Beginner in both rust and async programming here.
I have a function that downloads and stores a bunch of tweets in the database:
pub async fn process_user_timeline(config: &Settings, pool: &PgPool, user_object: &Value) {
// get timeline
if let Ok((user_timeline, _)) =
get_user_timeline(config, user_object["id"].as_str().unwrap()).await
{
// store tweets
if let Some(tweets) = user_timeline["data"].as_array() {
for tweet in tweets.iter() {
store_tweet(pool, &tweet, &user_timeline, "normal")
.await
.unwrap_or_else(|e| {
println!(
">>>X>>> failed to store tweet {}: {:?}",
tweet["id"].as_str().unwrap(),
e
)
});
}
}
}
}
It's being called in an asynchronous loop by another function:
pub async fn loop_until_hit_rate_limit<'a, T, Fut>(
object_arr: &'a [T],
settings: &'a Settings,
pool: &'a PgPool,
f: impl Fn(&'a Settings, &'a PgPool, &'a T) -> Fut + Copy,
rate_limit: usize,
) where
Fut: Future,
{
let total = object_arr.len();
let capped_total = min(total, rate_limit);
let mut futs = vec![];
for (i, object) in object_arr[..capped_total].iter().enumerate() {
futs.push(async move {
println!(">>> PROCESSING {}/{}", i + 1, total);
f(settings, pool, object).await;
});
}
futures::future::join_all(futs).await;
}
Sometimes two async tasks will try to insert the same tweet at the same time, producing this error:
failed to store tweet 1398307091442409475: Database(PgDatabaseError { severity: Error, code: "23505", message: "duplicate key value violates unique constraint \"tweets_tweet_id_key\"", detail: Some("Key (tweet_id)=(1398307091442409475) already exists."), hint: None, position: None, where: None, schema: Some("public"), table: Some("tweets"), column: None, data_type: None, constraint: Some("tweets_tweet_id_key"), file: Some("nbtinsert.c"), line: Some(656), routine: Some("_bt_check_unique") })
Mind the code already checks for whether a tweet is present before inserting it, so this only happens in the following scenario: READ from task 1 > READ from task 2 > WRITE from task 1 (success) > WRITE from task 2 (error).

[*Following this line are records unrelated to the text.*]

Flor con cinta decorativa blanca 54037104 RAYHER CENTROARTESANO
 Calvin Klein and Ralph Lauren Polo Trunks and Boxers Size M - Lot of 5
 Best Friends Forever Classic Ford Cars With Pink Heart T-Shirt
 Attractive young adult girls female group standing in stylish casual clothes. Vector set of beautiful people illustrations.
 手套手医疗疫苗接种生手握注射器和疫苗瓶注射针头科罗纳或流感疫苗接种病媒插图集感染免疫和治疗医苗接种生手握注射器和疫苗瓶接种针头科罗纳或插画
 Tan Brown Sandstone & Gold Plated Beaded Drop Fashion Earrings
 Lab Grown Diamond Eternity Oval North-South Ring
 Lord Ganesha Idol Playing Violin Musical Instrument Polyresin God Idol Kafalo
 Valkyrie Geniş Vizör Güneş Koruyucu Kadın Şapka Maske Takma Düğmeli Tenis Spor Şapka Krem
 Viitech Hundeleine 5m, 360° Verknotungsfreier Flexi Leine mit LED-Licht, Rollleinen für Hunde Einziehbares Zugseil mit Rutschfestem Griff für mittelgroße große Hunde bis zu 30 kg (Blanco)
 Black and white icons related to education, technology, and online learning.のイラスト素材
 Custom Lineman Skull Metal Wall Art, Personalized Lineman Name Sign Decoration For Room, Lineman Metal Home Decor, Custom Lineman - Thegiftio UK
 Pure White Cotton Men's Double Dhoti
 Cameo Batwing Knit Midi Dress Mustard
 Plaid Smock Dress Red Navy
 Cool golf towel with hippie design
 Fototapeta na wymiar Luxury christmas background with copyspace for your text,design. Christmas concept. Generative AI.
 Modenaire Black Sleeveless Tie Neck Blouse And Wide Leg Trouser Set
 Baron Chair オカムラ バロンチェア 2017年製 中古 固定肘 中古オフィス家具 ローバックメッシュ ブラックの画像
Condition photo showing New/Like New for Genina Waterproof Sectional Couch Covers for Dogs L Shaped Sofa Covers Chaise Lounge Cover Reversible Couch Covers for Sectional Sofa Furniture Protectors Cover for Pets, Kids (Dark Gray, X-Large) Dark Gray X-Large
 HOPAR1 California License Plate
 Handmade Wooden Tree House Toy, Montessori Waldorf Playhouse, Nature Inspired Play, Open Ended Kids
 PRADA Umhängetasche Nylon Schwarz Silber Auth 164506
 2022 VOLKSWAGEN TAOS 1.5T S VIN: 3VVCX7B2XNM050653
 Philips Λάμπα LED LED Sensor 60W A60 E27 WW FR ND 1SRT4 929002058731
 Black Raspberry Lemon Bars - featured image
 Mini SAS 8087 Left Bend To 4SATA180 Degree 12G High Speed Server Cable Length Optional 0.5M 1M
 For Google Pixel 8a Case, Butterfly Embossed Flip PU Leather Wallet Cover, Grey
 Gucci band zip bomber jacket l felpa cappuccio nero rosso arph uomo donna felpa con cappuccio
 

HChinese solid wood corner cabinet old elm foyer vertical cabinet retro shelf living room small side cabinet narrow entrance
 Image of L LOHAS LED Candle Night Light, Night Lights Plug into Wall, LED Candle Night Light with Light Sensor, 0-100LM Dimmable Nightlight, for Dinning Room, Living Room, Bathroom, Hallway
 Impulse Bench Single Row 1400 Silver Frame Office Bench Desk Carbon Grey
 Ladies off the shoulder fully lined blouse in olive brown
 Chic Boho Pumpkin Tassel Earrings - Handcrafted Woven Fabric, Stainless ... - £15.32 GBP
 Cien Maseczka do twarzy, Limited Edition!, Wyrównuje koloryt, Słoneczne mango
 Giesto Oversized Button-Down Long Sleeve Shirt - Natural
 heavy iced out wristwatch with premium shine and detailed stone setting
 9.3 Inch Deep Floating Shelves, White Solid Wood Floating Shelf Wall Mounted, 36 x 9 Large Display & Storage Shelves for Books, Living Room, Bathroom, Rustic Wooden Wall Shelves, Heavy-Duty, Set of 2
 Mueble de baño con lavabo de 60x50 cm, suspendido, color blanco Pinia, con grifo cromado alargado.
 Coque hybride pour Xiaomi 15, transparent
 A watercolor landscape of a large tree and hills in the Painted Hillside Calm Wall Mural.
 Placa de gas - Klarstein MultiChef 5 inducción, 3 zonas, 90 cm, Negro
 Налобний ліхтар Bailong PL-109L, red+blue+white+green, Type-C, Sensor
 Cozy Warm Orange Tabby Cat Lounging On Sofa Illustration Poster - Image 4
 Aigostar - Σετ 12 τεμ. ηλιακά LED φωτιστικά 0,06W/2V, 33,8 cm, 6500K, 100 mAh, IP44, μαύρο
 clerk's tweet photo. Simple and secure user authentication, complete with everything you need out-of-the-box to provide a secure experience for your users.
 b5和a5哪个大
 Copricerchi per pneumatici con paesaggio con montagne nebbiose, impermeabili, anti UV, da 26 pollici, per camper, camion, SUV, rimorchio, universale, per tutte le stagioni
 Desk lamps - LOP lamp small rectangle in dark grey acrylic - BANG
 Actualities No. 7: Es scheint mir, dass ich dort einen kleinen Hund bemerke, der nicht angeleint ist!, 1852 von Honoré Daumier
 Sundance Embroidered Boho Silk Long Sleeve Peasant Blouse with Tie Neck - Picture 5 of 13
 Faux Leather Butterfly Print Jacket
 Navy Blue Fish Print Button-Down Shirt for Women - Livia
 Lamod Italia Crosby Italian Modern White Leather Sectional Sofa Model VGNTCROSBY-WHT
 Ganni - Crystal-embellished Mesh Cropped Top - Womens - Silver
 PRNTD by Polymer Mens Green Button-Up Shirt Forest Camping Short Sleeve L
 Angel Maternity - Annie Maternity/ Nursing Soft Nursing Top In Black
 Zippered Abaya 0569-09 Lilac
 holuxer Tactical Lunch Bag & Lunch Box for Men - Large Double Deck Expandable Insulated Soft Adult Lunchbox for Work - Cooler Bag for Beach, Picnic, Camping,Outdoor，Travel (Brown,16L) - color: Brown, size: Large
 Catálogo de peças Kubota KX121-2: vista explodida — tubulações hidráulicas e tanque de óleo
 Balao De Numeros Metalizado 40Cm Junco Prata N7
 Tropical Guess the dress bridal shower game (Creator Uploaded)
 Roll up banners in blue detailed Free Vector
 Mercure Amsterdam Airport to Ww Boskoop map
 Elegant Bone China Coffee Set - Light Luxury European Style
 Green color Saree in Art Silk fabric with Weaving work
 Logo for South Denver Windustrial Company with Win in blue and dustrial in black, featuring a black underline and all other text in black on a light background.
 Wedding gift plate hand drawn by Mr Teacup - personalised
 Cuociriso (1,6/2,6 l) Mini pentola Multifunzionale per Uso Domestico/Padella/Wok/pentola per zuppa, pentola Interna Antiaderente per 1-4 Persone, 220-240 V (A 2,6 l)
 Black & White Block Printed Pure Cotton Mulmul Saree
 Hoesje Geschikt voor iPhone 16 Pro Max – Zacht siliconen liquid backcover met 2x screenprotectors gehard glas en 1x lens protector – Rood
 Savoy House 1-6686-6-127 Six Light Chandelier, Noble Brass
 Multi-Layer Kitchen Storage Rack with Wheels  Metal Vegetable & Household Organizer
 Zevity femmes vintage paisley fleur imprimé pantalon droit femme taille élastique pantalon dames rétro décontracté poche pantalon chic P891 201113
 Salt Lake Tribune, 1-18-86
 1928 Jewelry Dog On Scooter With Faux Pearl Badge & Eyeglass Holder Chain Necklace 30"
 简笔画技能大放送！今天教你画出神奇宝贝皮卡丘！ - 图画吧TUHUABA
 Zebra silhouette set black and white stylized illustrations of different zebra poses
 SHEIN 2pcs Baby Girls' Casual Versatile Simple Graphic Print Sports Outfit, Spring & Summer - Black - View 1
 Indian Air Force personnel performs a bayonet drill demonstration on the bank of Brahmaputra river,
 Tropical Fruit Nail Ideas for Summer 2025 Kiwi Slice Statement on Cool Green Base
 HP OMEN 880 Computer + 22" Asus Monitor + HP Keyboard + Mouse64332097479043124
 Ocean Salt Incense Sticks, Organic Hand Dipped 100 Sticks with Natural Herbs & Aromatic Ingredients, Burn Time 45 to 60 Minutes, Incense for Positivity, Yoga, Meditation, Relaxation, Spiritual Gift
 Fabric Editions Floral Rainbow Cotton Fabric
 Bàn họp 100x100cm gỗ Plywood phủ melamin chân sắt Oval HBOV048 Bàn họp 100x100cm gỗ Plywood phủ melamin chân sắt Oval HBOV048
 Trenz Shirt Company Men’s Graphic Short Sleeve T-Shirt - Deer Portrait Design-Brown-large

To solve this, my best attempt so far has been to place an unwrap_or_else()
clause which lets one of the tasks fail without panicking out of the entire execution. I am aware of at least one drawback - sometimes both tasks will bail out and the tweet never gets written. It happens in <1% of cases, but it happens.
Are there other drawbacks to my approach I'm not aware of?
What's the right way to handle this? I hate losing data, and even worse doing so non-deterministically.
PS I'm using actix web
and sqlx
as my webserver / db libraries.
Generally for anything that may be written by multiple threads/processes, any logic like
if (!exists) {
writeValue()
}
needs to either be protected by some kind of lock, or the code needs to be changed to write atomically with the possibility the write will fail because something else already wrote to it.
For in-memory data in Rust you'd use Mutex
to ensure that you can read and then write the data back before anything else reads it, or Atomic
to modify the data in such a way that if something already wrote it, you can detect that.
In databases, for any query that might conflict with some other query happening around the same time, you'd want to use an ON CONFLICT
clause in your query so that the database itself knows what to do when it tries to write data and it already exists.
For your case since I'm guessing the tweets are immutable, you'd likely want to do ON CONFLICT tweet_id DO NOTHING
(or whatever your ID column is), in which case the INSERT
will skip inserting if there is already a tweet with the ID you are inserting, and it won't throw an error.